* _Exercise instructions_
Everything from the line that holds "Bezprzewodowa ładowarka 3w1" through the end of the listing below must be retyped word for word, without any pictures.

* _Dataset content_
•••

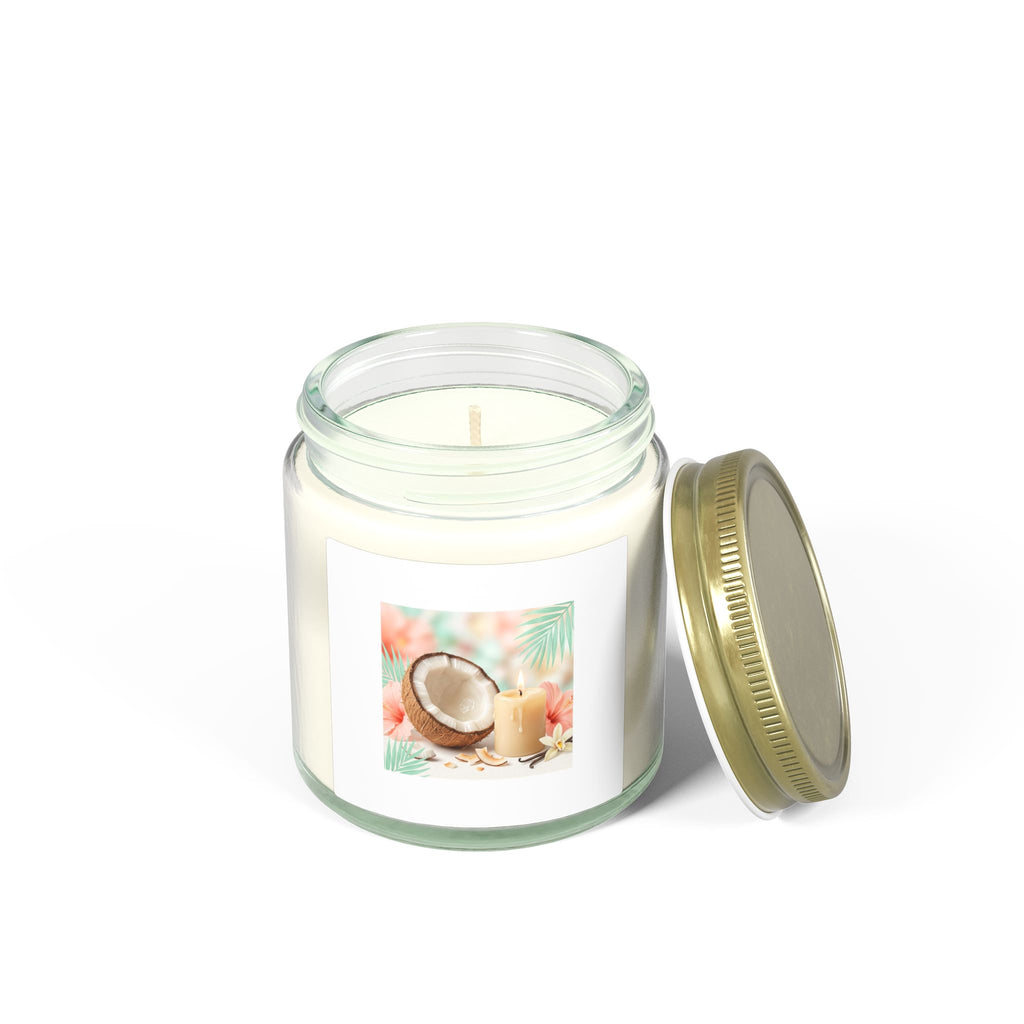 Coconut Apricot Scented Candle — Tropical Soy Wax Jar (4oz & 9oz)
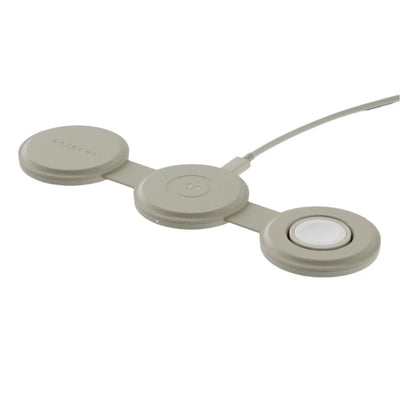 Bezprzewodowa ładowarka 3w1 w kolorze piaskowym, elegancki dodatek do biura
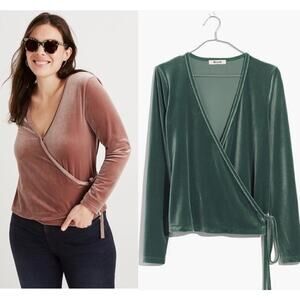 MADEWELL Ballet Velvet Wrap Top Green XXL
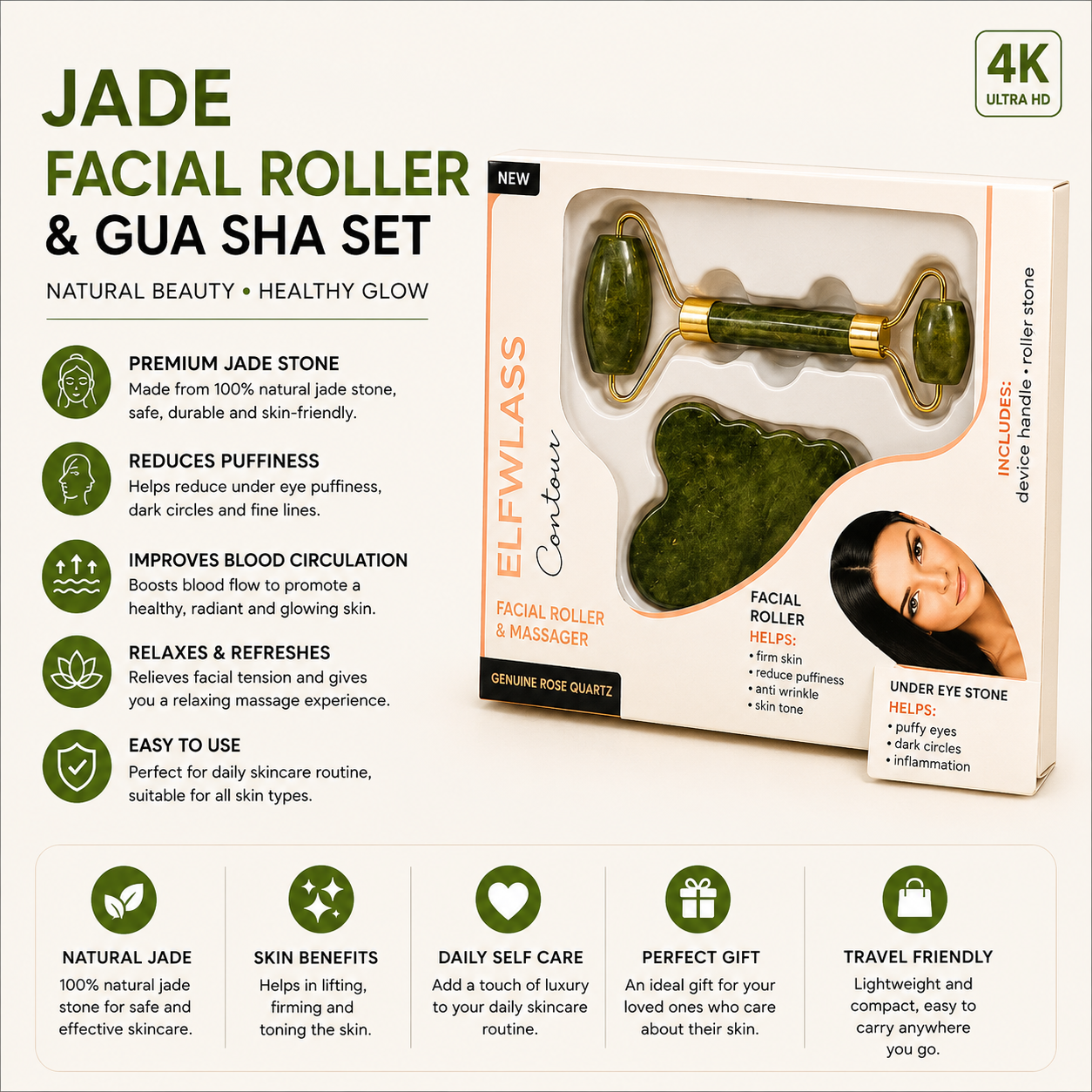 Premium Jade Facial Roller & Gua Sha Set | Natural Face Massager for Glowing Skin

•••

* _Solution_
 Bezprzewodowa ładowarka 3w1 w kolorze piaskowym, elegancki dodatek do biura
 MADEWELL Ballet Velvet Wrap Top Green XXL
 Premium Jade Facial Roller & Gua Sha Set | Natural Face Massager for Glowing Skin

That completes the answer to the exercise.